Under Don’t Ask, Don’t Tell, thousands of discharged gay and lesbian servicemembers were denied “separation pay,” the money traditionally given to dismissed soldiers to help transition to civilian life. Separation pay is usually standard policy: If you’ve served at least six years and are discharged involuntarily, you’re entitled to it. But soldiers dismissed for being gay or lesbian were routinely denied the pay.
Last year the ACLU filed a lawsuit on behalf of 142 servicemembers denied their separation pay—but the government asked the court to dismiss the case. Today, though, Federal Claims Court Judge Christine Miller denied the request and is allowing the case to proceed.
The ACLU’s Josha Block explains:
The government will have to explain to [the gay veterans] and to the rest of the public how cutting their pay in half served important governmental interests. The government will have to make that explanation, even though the Pentagon has already issued a detailed report making clear that discrimination against gay and lesbian service members is entirely unnecessary and doesn’t serve the interests of the military.
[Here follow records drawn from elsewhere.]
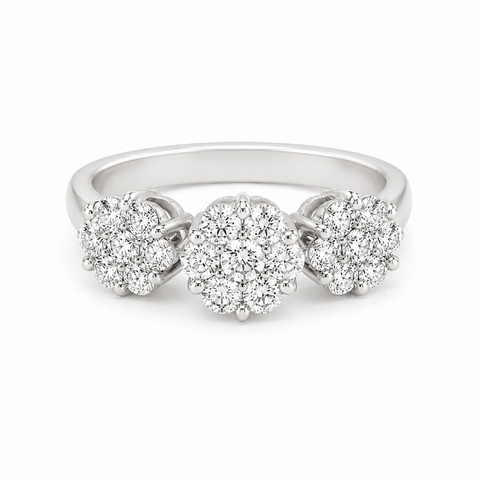 1.00CT Diamond Flower Ring in 14K White Gold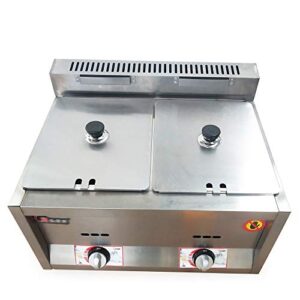 2 pan 6l pans gas deep fryer countertop, commercial food warmer heater stainless steel buffet countertop heating pot steamer soup warmer for catering and restaurant
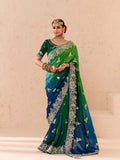 Dark Green Viscose Bemberg Designer Saree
Good luck with that.
Ah, DADT—the gift that keeps on giving.
Cam
Fantastic news
Queerty, please don’t start saying that these service-people are greedy like you did with the lesbian couple trying to get the same benefits as straight couples.
Michael Bedwell
With all due respect, while one could interpret that from the linked source, this policy was NOT created under DADT but was established by Pentagon Instruction DOD policy 1332.29 in June of 1991—some two years before anyone had ever heard of DADT.
One of the classic “unintended consequences” of SLDN’s having lobbied for repeal
only in terms of DADT was to pave over the fact that, at its core, it was nothing more than a codification of what had been Pentagon policy for half a century during which
time over 100,000 gays were kicked out. In fact, there were nearly as many discharged—at least 13,236—during Reagan’s 8 years in office as the entire 14 years of DADT.
But the bottomline is that it is inexcusable and reprehensible for the Administration
taking bows for having ended the ban to continue trying to kill lawsuits seeking to
repair its damages—before OR after it became DADT.
the crustybastard
@Cam:
Indeed.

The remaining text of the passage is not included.